» WHAT YOU NEED TO DO: Your answer must be the full listing below, repeated exactly, with no pictures in it.

» RAW DATA:
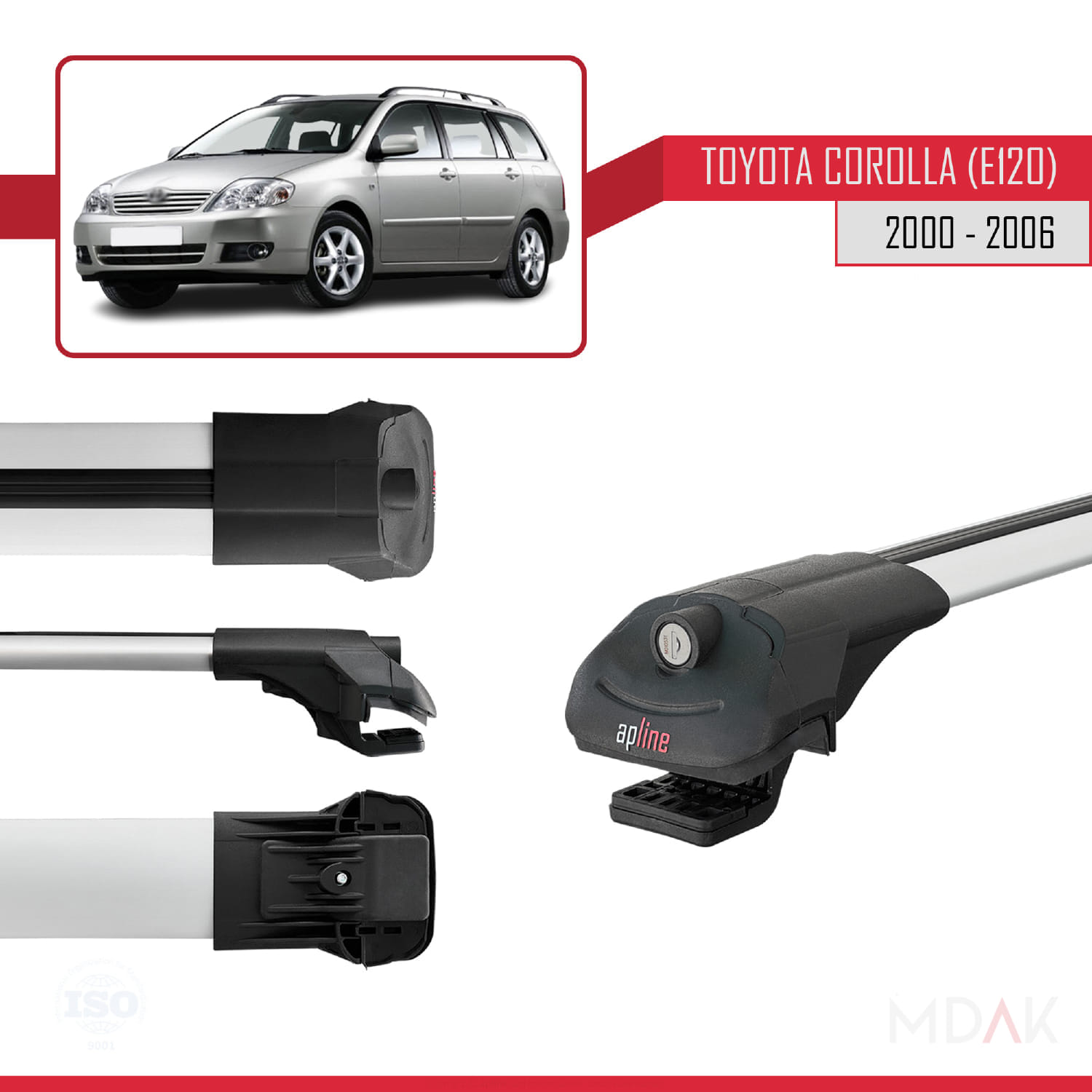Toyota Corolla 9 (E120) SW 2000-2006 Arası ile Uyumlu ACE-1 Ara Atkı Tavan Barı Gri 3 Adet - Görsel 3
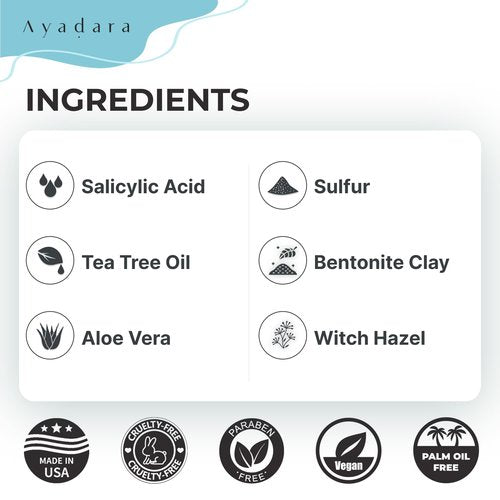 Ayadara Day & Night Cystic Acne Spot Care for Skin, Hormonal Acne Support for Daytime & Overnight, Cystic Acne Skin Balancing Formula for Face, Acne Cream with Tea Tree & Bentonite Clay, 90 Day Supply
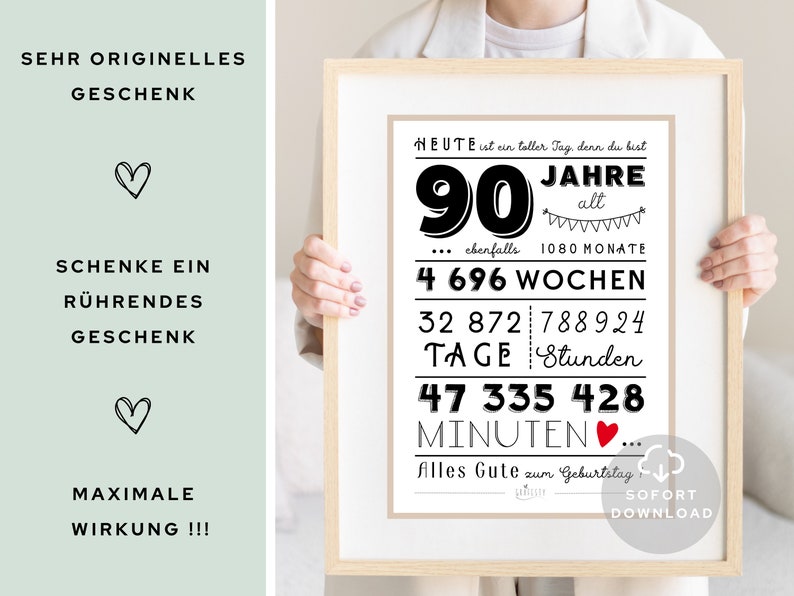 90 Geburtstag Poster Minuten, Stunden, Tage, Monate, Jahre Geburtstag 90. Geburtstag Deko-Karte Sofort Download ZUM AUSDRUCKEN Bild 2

» REPLY:
Toyota Corolla 9 (E120) SW 2000-2006 Arası ile Uyumlu ACE-1 Ara Atkı Tavan Barı Gri 3 Adet - Görsel 3
 Ayadara Day & Night Cystic Acne Spot Care for Skin, Hormonal Acne Support for Daytime & Overnight, Cystic Acne Skin Balancing Formula for Face, Acne Cream with Tea Tree & Bentonite Clay, 90 Day Supply
 90 Geburtstag Poster Minuten, Stunden, Tage, Monate, Jahre Geburtstag 90. Geburtstag Deko-Karte Sofort Download ZUM AUSDRUCKEN Bild 2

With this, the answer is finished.